> WHAT IS REQUIRED: Print the listing below a second time, exactly, and omit its images.

> SUPPLIED INFORMATION:
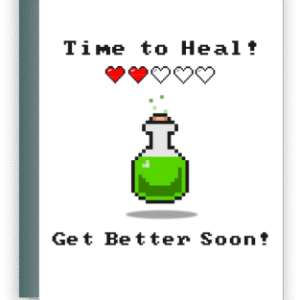Healing potion
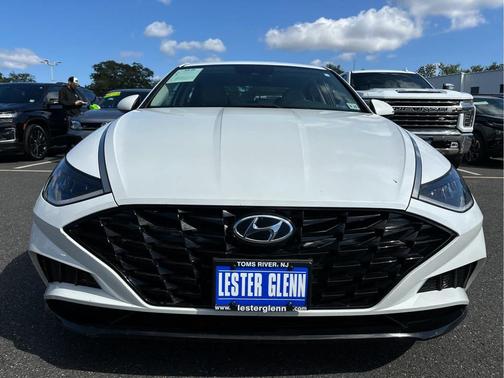 2020 Hyundai SONATA SEL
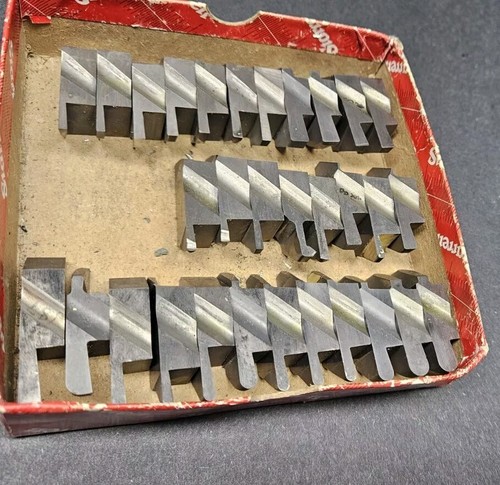 Barra indexable de muesca superior e insertos Kennametal 33 piezas refrigerante ranurado roscado - Imagen 6 de 10
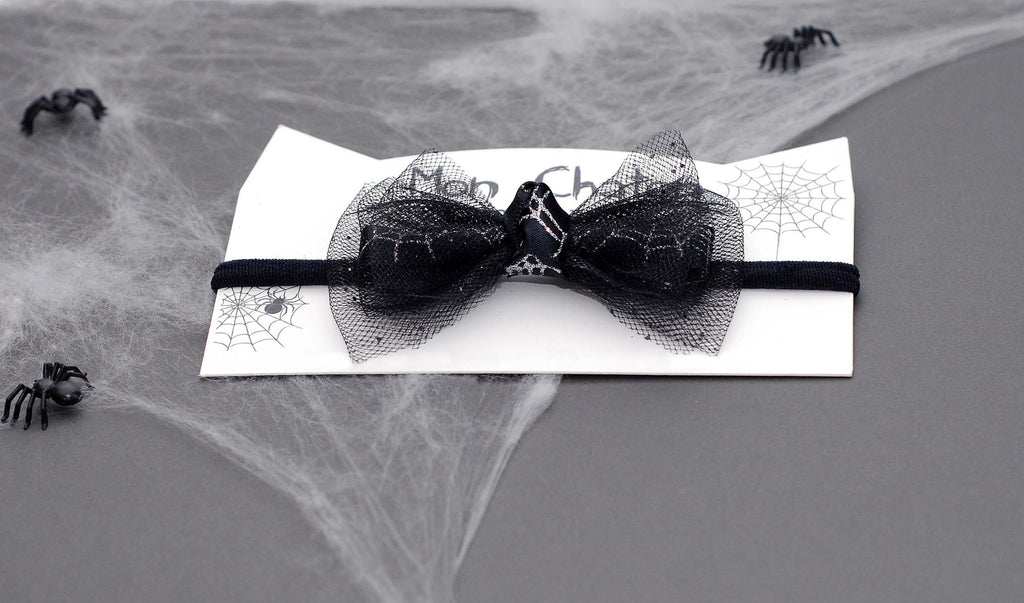 Halloween Baby Headband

> EXERCISE RESPONSE:
Healing potion
 2020 Hyundai SONATA SEL
 Barra indexable de muesca superior e insertos Kennametal 33 piezas refrigerante ranurado roscado - Imagen 6 de 10
 Halloween Baby Headband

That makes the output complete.